Costermongers came with their horse trolleys, tradesmen and professional men were arriving with baskets and hundreds of children brought sacks, pails and anything in which fruit could be carried.
All were intent on reaping the unanticipated but welcome golden harvest of the sea.
In the scenes which followed, fists played a prominent part as more and more cases of the fruit were washed ashore and began to pile up on the beach.
My grandfather was one who collected his share (though he never told me how many that meant!). He said many cases were smashed upon the groynes and, though some were stacked up on the beach, others were carted away wholesale by “the more ambitious”.
At first, much of the fruit was washed up west of the pier, but, gradually, the spoils and the crowds moved further east. Beyond Splash Point, the surface of the water became what my grandfather described as “a sea of orange”, and each golden-crested wave brought in more and more, carpeting the beach in all directions.
A constant stream of men, women, boys and girls were seen wending their way homewards heavily laden with fruit, then returning for more and more.
Meanwhile, the lifeboat Henry Harris had reached the Indiana. It circled the vessel twice to ensure there were no survivors on board, and then returned to shore.
Tramping through what by now had become a pulpy mass on the beach, Coxswain Marshall reported that its crew had evidently abandoned the Indiana. She was now mostly under water and, though the cause of the disaster could not be ascertained, it was most likely to have been a collision.
The Worthing lifeboat had been pulled ashore and remounted on its carriage when, suddenly, a cry went up that a small boat with at least one man aboard had been spotted off the Half Brick public house.
“All right, we’ll launch her again!” responded the coxswain.
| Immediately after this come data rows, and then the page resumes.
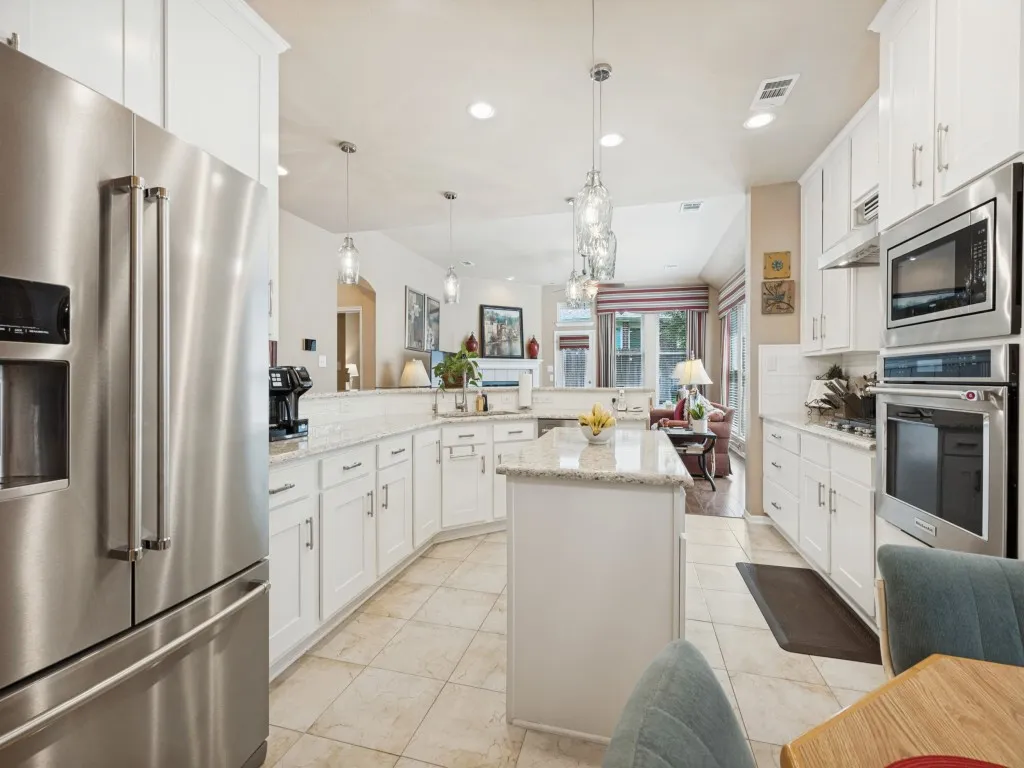 Single Family Residence For Sale in Tarrant County , 9124 Chardin Park Drive, Fort Worth, Texas 76244, 3 Bedroom, 3 Bathroom, 2 Garage spaces, 2,684 Sqft, built in 2002, mls#21394991, Real Estate Agent in Fort Worth, Homes For Sale in Tarrant county, Homes For Sale in Fort Worth, Realtor in Fort Worth Texas, Real Estate Brokerage Independent Realty Texas, Luminita Cordes Realtor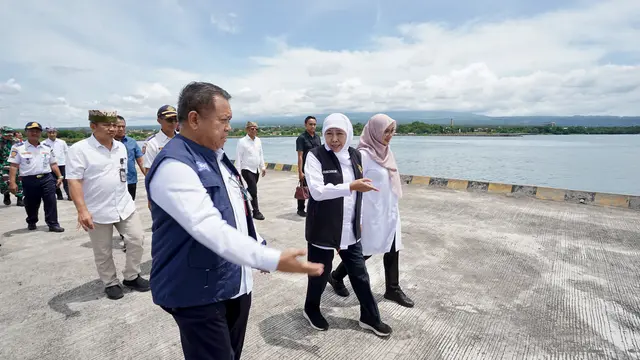 Gubernur Jawa Timur, Khofifah Indar Parawansa meninjau dermaga Marina Boom Banyuwangi, untuk persiapan peluncuran kapal cepat Banyuwangi- Denpasar Bali (Istimewa)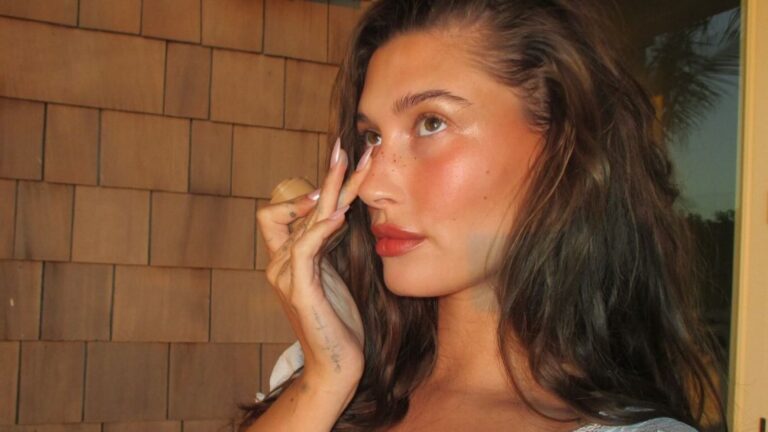 Hailey Bieber poseert voor een selfie met haar Rhode blush.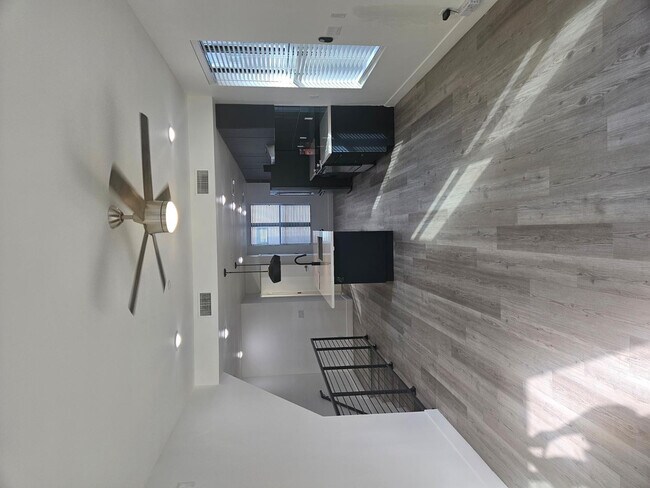 Building Photo - 283 S Roosevelt St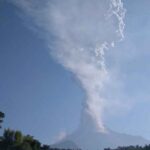 Volcán indonesio Marapi expulsa una columna de humo a 1.500 metros de altura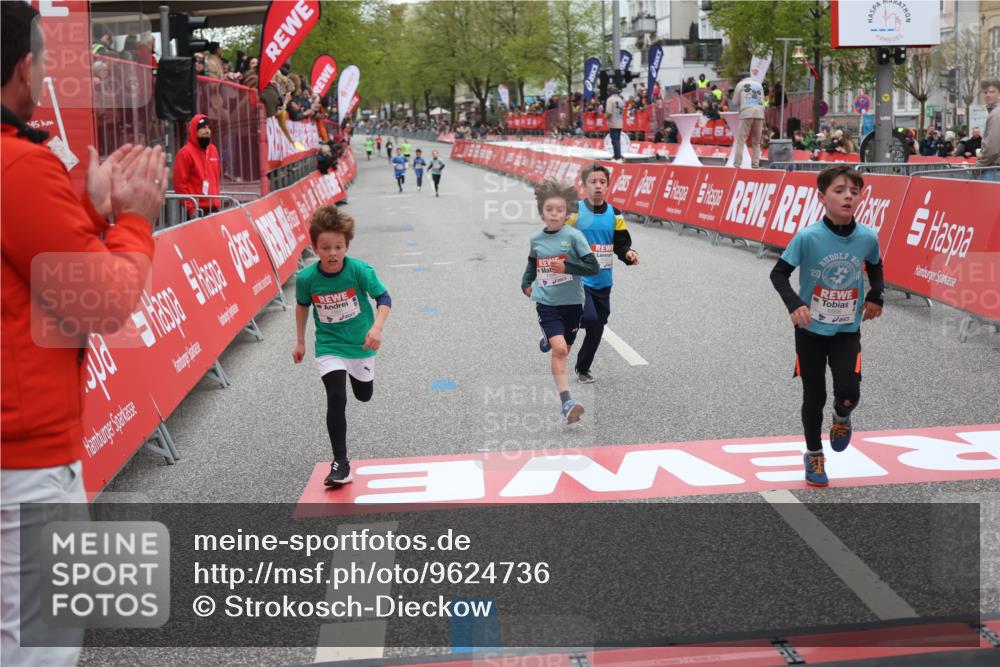 25.04.2026 - Das Zehntel Strokosch-Dieckow http://msf.ph/oto/9624736 25.04.2026 10:48:13 Ziel 6062, 6103, 6956, 7891 meine-sportfotos.de
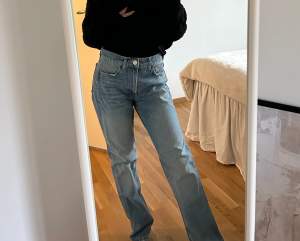 Superfina raka jeans från zara 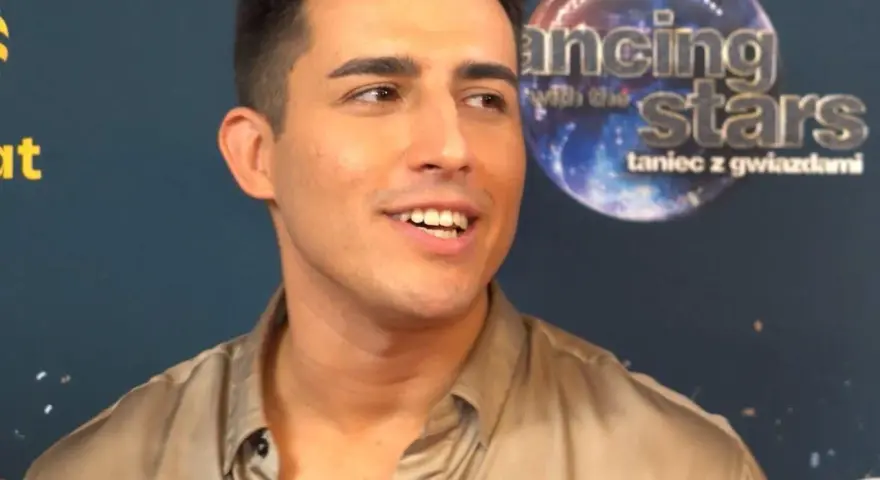Filip Lato, w letniej stylizacji, udziela wywiadu. W tle logo "Dancing with the Stars".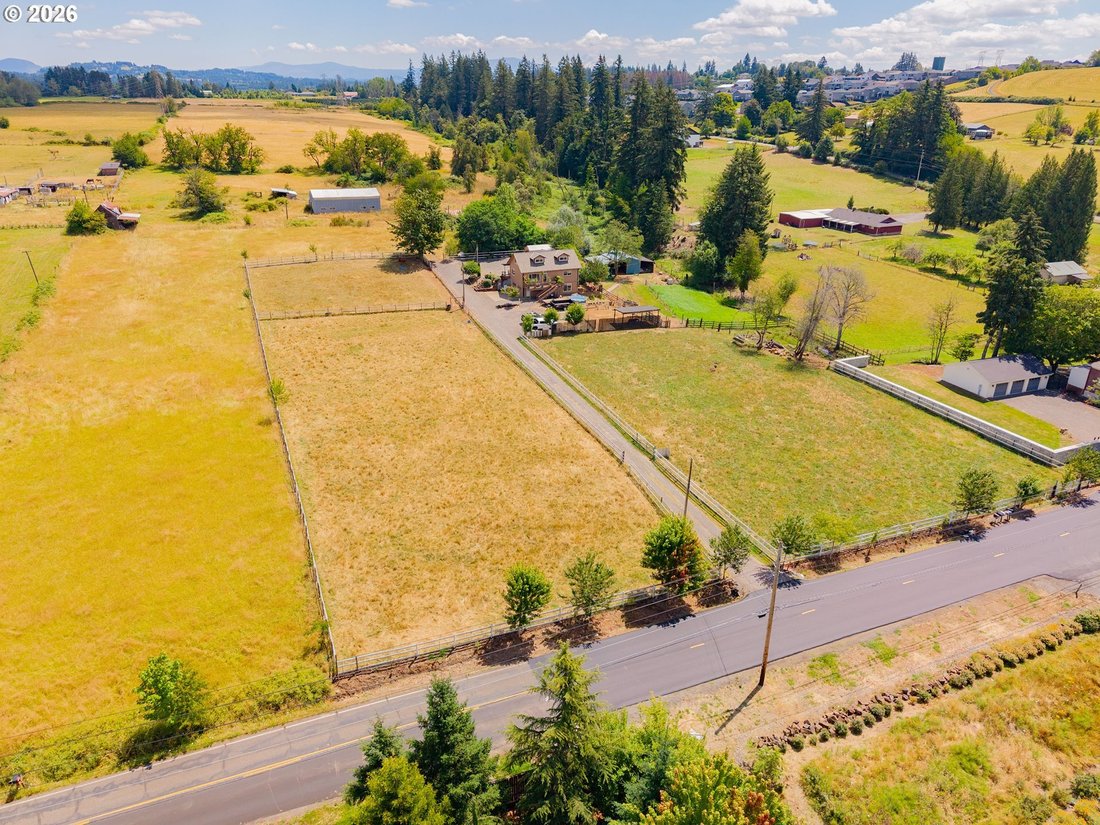 House in Camas, Washington, United States 3 - 18468042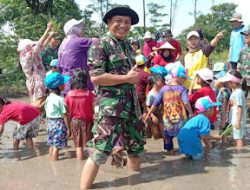 Membangun Cinta Tani Sejak Dini, Danramil Purwodadi Kenalkan Anak TK pada Penanaman Padi.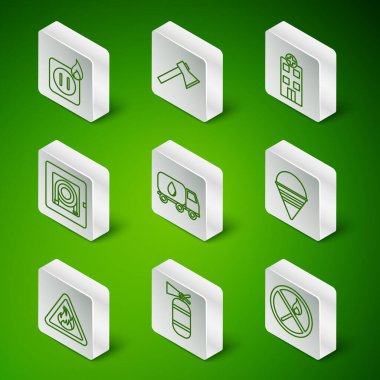 Ateşleme hattı yok, yangın söndürücü, prizin elektrik tesisatı, su dağıtım kamyonu, hortum dolabı, itfaiyeci baltası, alev üçgeni ve koni kovası ikonu. Vektör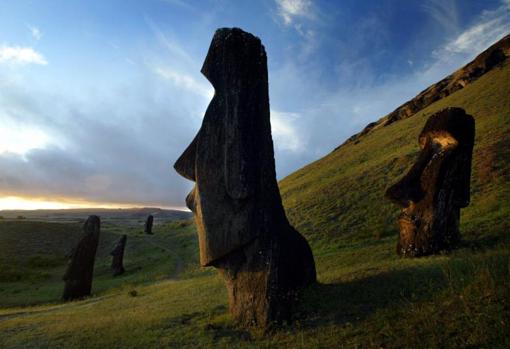 Vista de las estatuas moái en la Isla de Pascua, Chile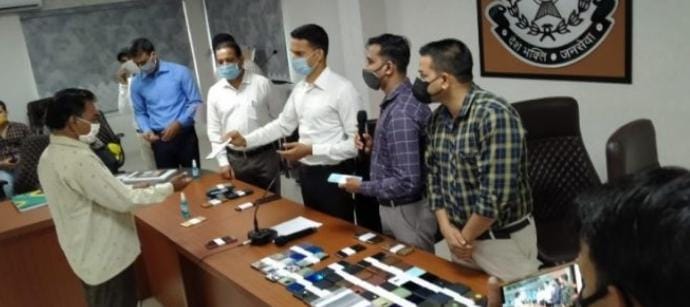 रतलाम पुलिस ने 10 लाख रुपए कीमत के 70 मोबाइल मालिकों को लौटाए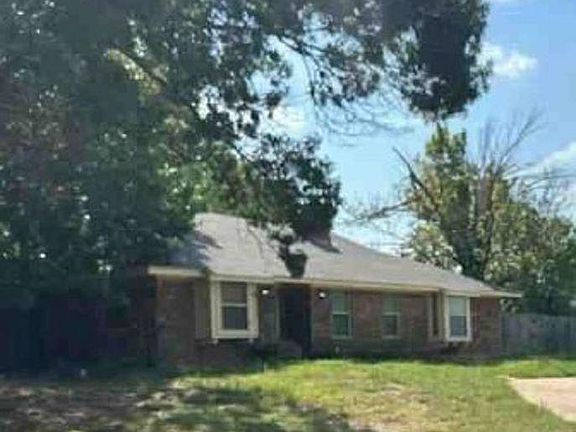 2nd image of 1004 Forest Ridge Dr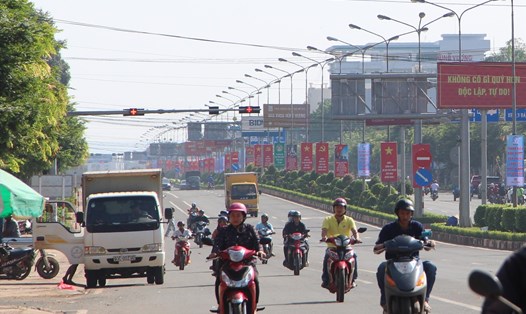 Nhiều xe ở Bình Phước vượt đèn đỏ tiềm ẩn nguy cơ tai nạn. Ảnh: Đình Trọng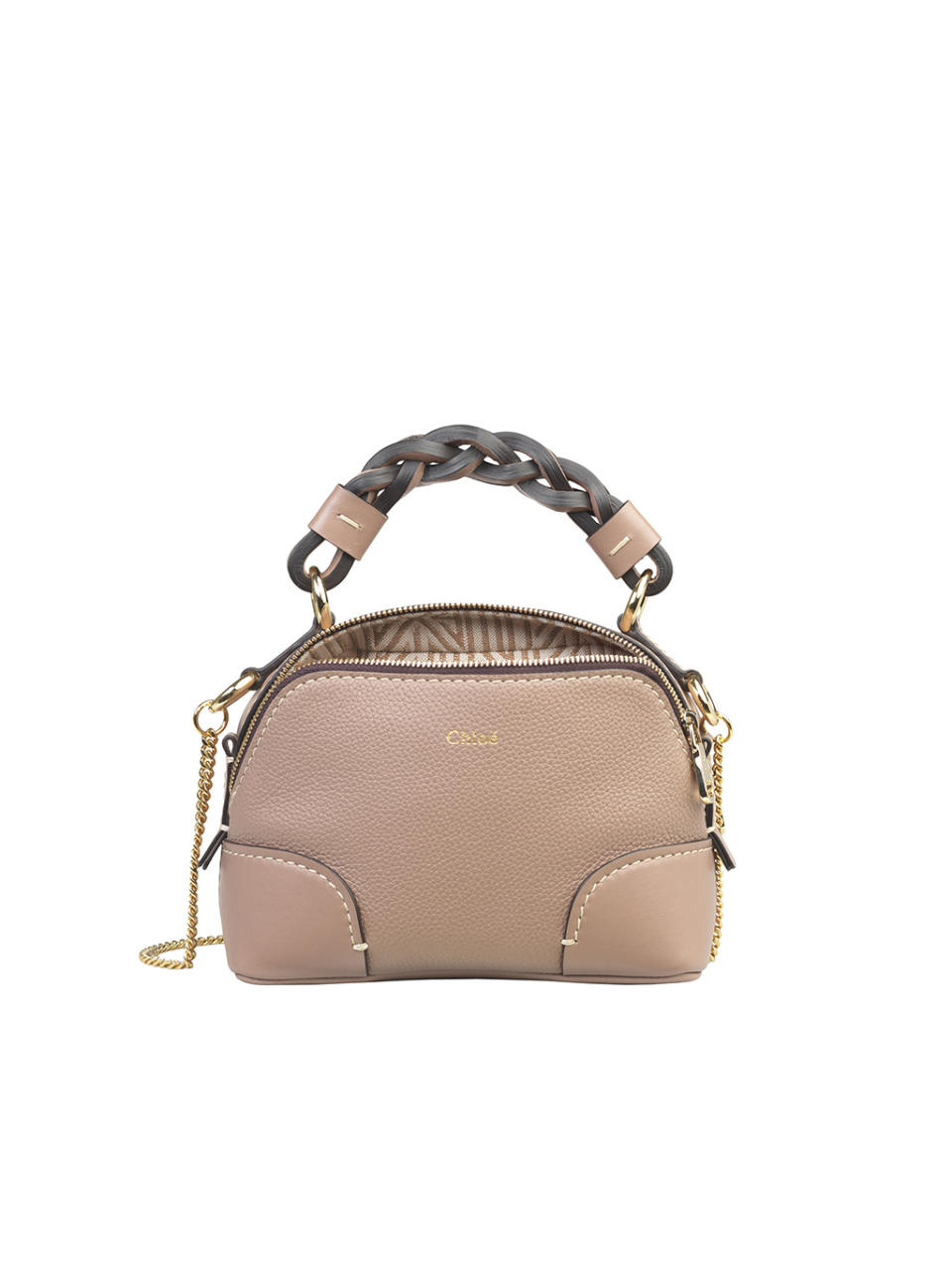 Chloé présente son nouveau sac Daria en version mini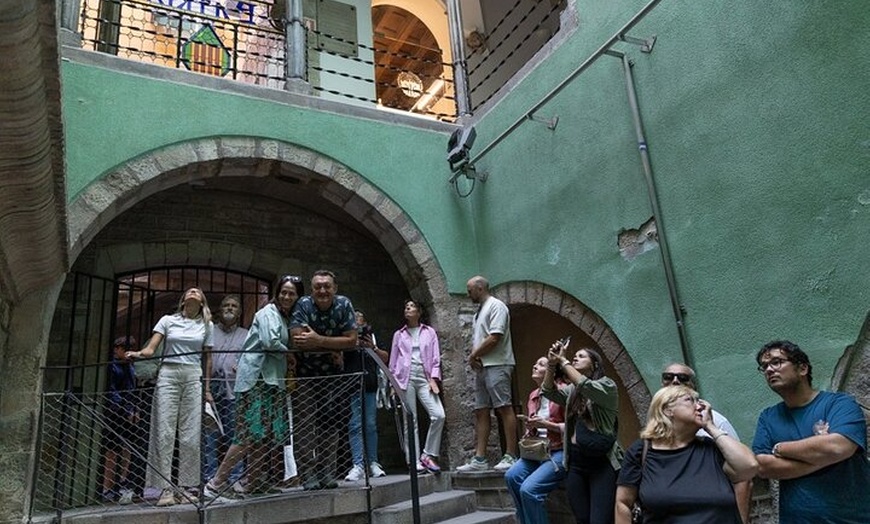 Image 6: Barcelona Marvels : Una visita guiada a pie por los puntos más dest...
But before the Henry Harris could reach the drifting boat, a man named Clark, of the Lancing Coastguard, swam out and brought it ashore.
It was, indeed, one of the Indiana’s lifeboats and there was a compass on board – but the “occupants” turned out to be a plank of wood!
Late that afternoon, the people of Worthing resolved the mystery.
During a thick Channel fog, the Indiana had been rammed amidships by the City of Washing-ton, an oil steamer from Hamburg.
Fortunately, the crew of 23 had all been rescued by a tug and taken safely into Newhaven.
Meanwhile, back on Worthing beach, remnants of the abandoned Indiana’s cargo were still drifting ashore.
All that Saturday night, people patrolled the beach between Goring coastguard station and Brighton, gathering the spoils by moonlight.
Besides fruit, they found several copper tanks encased in wood and containing lemon essence – a very expensive commodity – and containers of an ingredient used for tanning.
It is hardly necessary to add that by the time a salvage boat and tug arrived the next day, the beach and water had been picked clean.
Later that week, the following paragraph appeared in Messrs Plumbridge and Son’s wholesale fruit price list: “Oranges – The market is deficient of 6,000 cases of Valencias this week, which were coming forward by the Indiana, now lost off Worthing.
“Lemons are also some thousands of cases short, in consequence of the aforementioned disaster, and the prices are a little firmer.”
At which point I have to declare a retrospective interest in this matter. In those days, the Feest family owned several greengrocery shops, so you may guess where they got their supply of oranges and lemons from that week.
The problem was that everybody else in Worthing also got plenty free of charge and, while, in other towns, the shortage of citrus fruit temporarily sent prices soaring, here in Worthing for the next few weeks, my grandfather and his brother couldn’t give it away!